The output must consist only of the lines from the one with "驾驶室整体(整机外观) 驾驶室整体(整机外观)" through the end of the listing, restated exactly and free of pictures.

▶ _RAW DATA_:
-*-

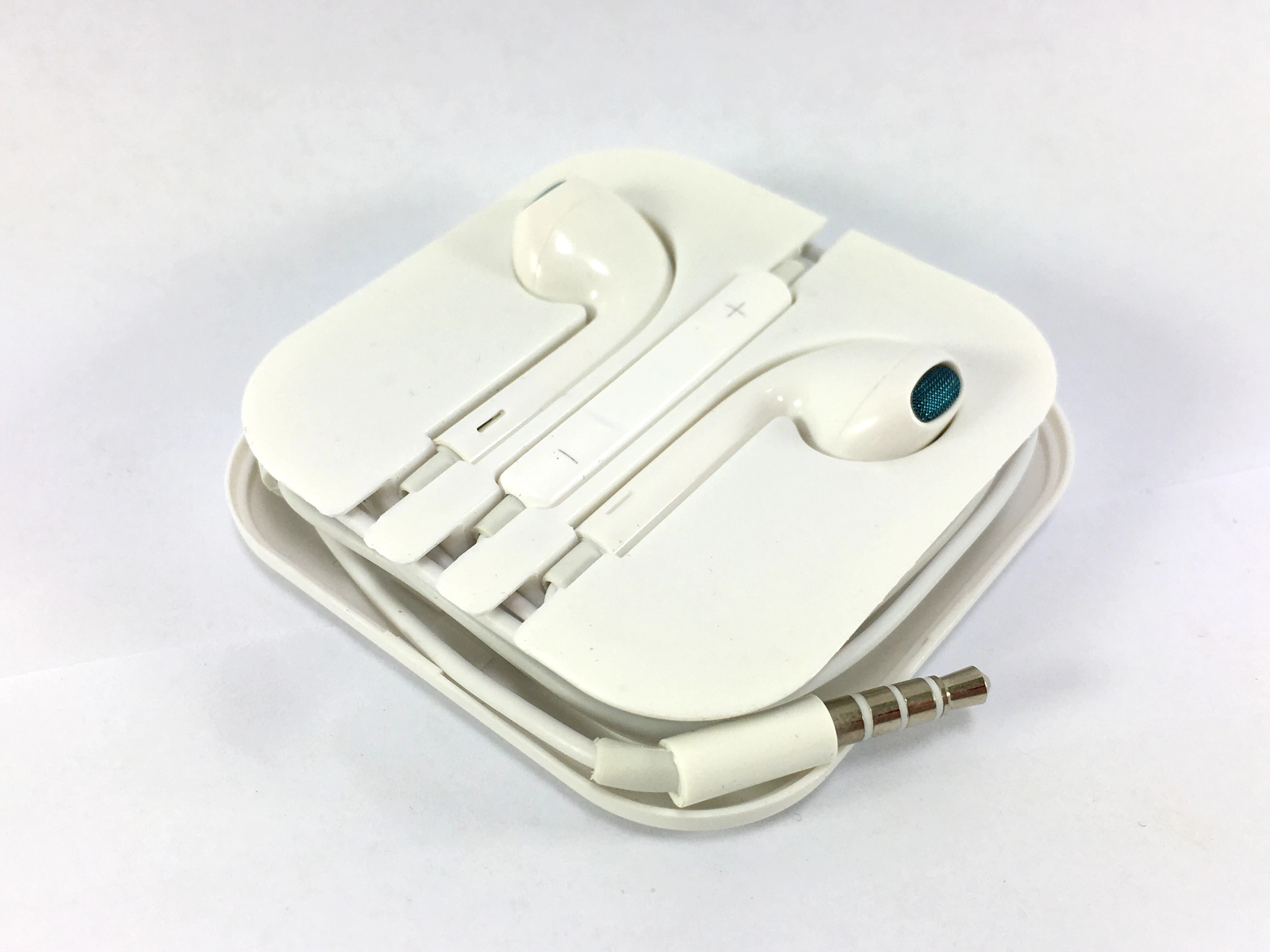 27sluchawki-przewodowe-z-pudelkiem-minijack35mm-stan-11323-2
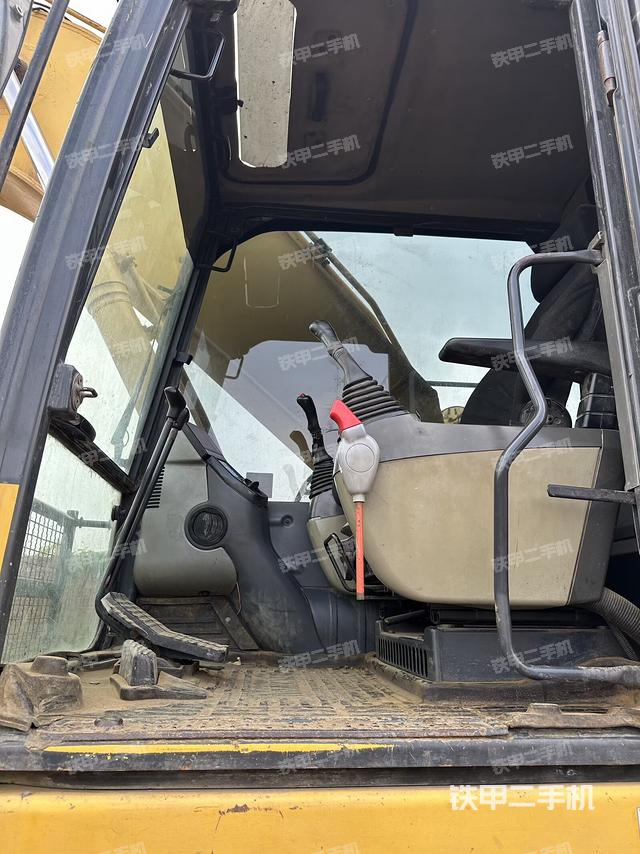 驾驶室整体(整机外观) 驾驶室整体(整机外观)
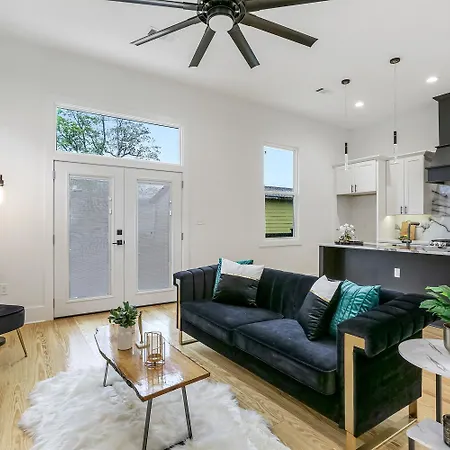 The Royal Haus Nola 3 Bed Beauty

-*-

▶ _RESPONSE FOR THIS EXERCISE_:
 驾驶室整体(整机外观) 驾驶室整体(整机外观)
 The Royal Haus Nola 3 Bed Beauty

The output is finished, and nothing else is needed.